**About this exercise**. Write the listing below out again word for word, without a single picture.

**Supplied information**.
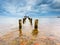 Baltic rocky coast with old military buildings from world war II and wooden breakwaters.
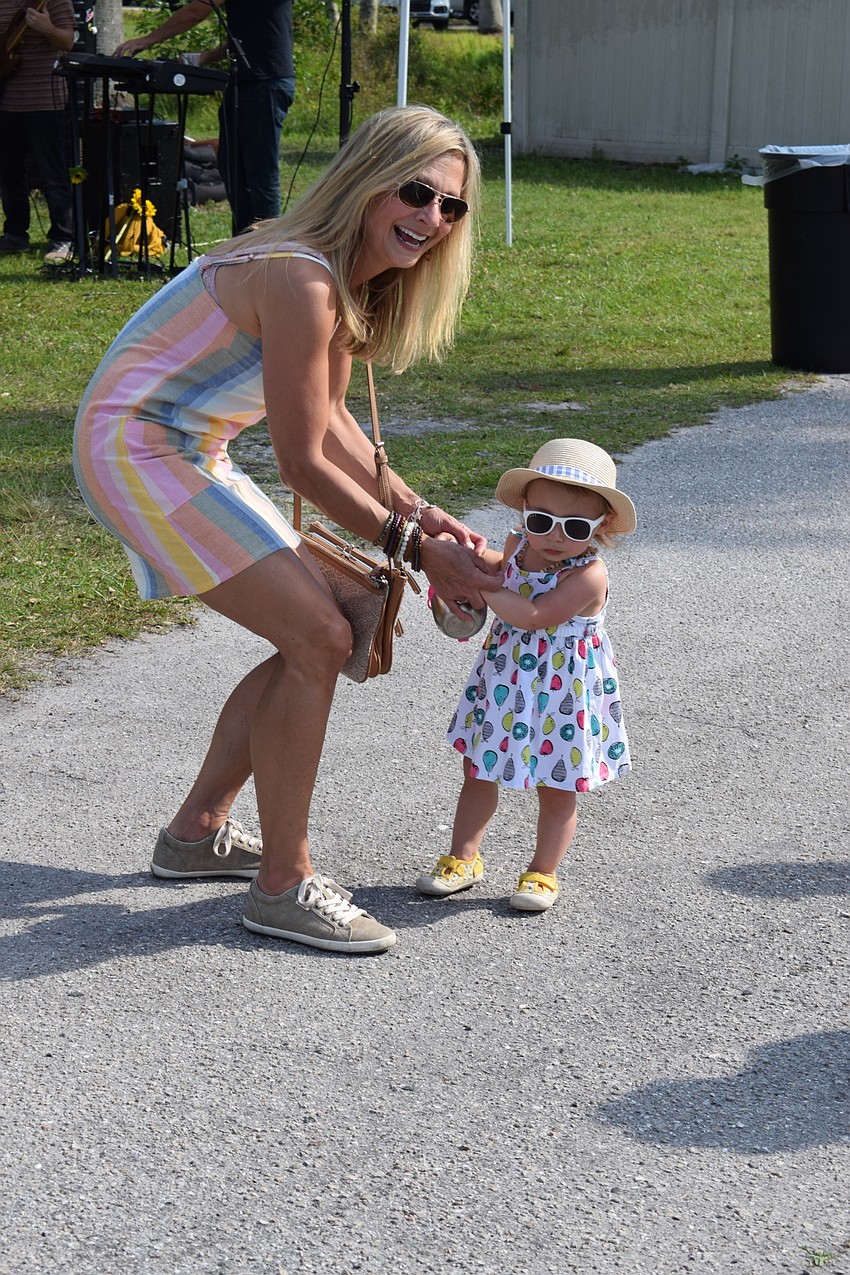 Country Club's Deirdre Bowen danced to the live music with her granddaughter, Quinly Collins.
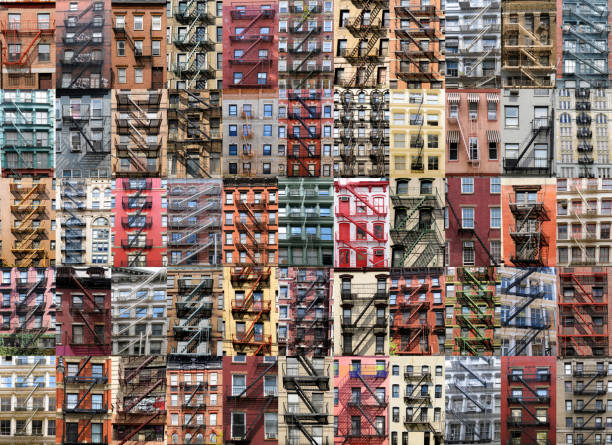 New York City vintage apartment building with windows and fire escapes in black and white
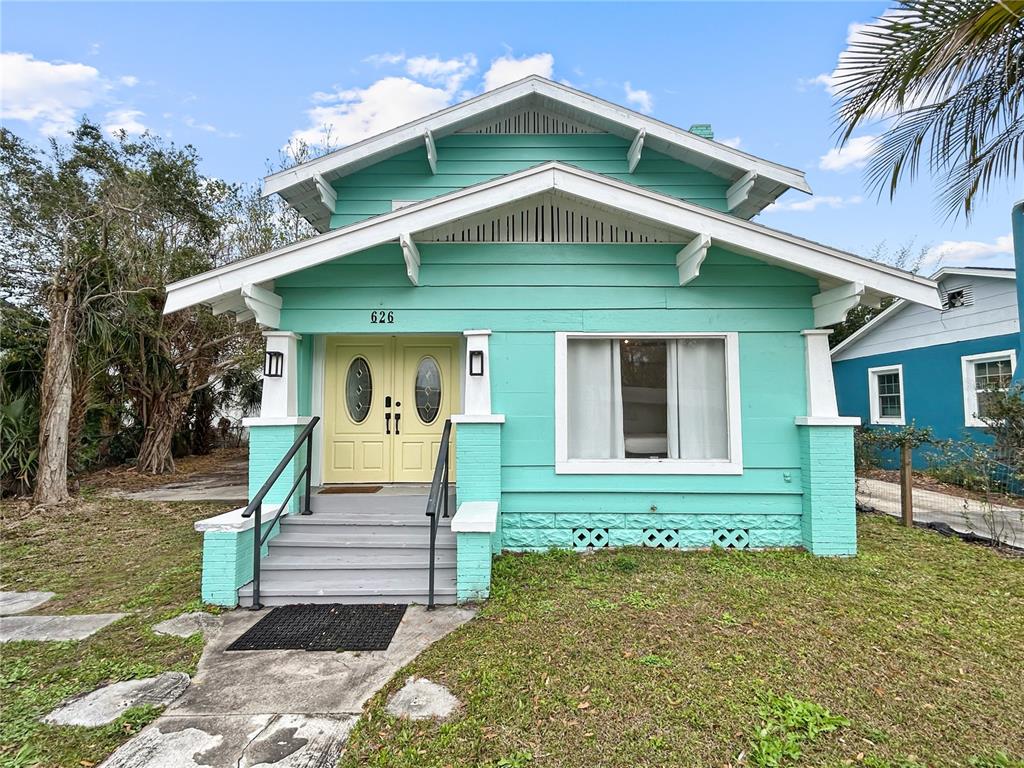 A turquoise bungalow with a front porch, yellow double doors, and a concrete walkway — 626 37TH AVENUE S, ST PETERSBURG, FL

**Response below**.
 Baltic rocky coast with old military buildings from world war II and wooden breakwaters.
 Country Club's Deirdre Bowen danced to the live music with her granddaughter, Quinly Collins.
 New York City vintage apartment building with windows and fire escapes in black and white
 A turquoise bungalow with a front porch, yellow double doors, and a concrete walkway — 626 37TH AVENUE S, ST PETERSBURG, FL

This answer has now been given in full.